The currency bought 76.80 U.S. cents as at 9:45 a.m. in Wellington from 76.79 cents in late New York trading on Jan. 25. The currency traded as high as 77.52 cents late last week. New Zealand's dollar bought 81.94 Japanese yen from 81.97 on Jan. 25.
The currency has declined from a 22-year high reached in July as rising defaults in U.S. subprime, or high risk, mortgages crimped the amount of credit available worldwide and slashed earnings for financial stocks and retailers. Investors exited carry trade holdings because of the perceived risk that the currencies' fluctuations can erase the profit earned on the two rates of interest.

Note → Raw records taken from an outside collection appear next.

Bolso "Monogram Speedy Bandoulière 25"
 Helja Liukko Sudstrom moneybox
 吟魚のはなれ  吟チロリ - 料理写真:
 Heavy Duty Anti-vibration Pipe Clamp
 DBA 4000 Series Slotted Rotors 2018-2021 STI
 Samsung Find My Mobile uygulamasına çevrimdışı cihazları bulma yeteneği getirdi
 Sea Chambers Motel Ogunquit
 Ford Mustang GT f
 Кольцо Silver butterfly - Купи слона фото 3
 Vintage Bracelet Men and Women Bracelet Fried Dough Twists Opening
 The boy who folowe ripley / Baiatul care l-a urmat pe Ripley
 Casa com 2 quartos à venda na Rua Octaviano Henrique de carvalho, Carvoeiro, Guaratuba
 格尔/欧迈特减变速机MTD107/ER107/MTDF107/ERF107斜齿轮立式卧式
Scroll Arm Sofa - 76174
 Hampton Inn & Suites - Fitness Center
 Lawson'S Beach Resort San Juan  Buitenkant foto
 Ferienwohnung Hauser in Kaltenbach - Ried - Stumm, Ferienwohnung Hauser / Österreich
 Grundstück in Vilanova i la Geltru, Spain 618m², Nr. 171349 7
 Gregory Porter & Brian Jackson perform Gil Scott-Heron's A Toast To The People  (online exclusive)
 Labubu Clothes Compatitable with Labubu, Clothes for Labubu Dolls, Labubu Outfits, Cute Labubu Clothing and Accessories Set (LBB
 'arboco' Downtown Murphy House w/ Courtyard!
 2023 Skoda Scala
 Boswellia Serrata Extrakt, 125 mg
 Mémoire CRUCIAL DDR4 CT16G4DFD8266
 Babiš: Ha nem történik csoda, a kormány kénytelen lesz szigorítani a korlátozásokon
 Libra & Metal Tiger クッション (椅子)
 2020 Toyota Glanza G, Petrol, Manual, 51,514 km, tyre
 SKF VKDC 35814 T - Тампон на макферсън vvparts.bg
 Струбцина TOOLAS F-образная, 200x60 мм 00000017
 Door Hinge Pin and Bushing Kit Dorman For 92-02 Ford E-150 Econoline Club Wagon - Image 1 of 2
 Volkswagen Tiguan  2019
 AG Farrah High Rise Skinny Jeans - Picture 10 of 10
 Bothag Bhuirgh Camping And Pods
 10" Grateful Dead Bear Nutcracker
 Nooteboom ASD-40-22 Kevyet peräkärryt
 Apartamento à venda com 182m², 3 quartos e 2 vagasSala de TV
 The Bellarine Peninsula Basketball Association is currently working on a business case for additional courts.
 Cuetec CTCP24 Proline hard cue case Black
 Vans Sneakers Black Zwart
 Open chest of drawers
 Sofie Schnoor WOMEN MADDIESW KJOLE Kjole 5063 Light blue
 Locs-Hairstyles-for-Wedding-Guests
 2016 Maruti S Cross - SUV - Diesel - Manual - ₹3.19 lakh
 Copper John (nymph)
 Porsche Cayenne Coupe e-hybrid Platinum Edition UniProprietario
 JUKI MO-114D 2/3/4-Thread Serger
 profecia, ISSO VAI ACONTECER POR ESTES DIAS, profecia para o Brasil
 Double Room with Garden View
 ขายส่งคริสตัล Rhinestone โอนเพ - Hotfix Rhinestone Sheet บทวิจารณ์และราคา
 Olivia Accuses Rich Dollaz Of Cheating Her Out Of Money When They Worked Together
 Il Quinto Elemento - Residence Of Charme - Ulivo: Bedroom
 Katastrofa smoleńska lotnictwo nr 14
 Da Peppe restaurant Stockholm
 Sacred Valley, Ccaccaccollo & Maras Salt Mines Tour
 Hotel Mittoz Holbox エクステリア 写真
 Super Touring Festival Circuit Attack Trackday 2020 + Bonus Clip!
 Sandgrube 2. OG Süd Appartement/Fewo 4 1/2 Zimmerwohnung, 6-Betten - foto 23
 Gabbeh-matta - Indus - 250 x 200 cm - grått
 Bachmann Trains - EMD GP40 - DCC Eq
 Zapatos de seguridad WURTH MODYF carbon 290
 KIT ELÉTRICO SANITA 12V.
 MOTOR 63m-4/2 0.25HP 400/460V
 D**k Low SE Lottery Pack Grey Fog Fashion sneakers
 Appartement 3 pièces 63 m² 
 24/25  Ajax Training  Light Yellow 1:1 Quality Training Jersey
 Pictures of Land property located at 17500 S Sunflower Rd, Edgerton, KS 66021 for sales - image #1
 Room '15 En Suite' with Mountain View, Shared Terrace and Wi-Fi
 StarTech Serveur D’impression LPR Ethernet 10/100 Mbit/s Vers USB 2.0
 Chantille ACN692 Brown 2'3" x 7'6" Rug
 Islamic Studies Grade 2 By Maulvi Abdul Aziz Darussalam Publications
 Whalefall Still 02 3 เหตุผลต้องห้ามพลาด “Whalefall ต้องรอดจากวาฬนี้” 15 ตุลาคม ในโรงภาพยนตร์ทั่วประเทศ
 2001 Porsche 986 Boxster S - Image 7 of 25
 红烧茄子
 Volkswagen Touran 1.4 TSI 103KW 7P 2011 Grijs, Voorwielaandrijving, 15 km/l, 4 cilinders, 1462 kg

New Zealand's record 8.25 percent benchmark rate is the highest after Iceland's among Aaa rated countries making its currency a popular carry trade target. The rate is 4 percentage points higher than the U.S. benchmark and 7.75 points more than Japan's.
Reserve bank Governor Alan Bollard last week kept the nation's official cash rate unchanged and said ``a period of restraint'' is needed before considering rate cuts.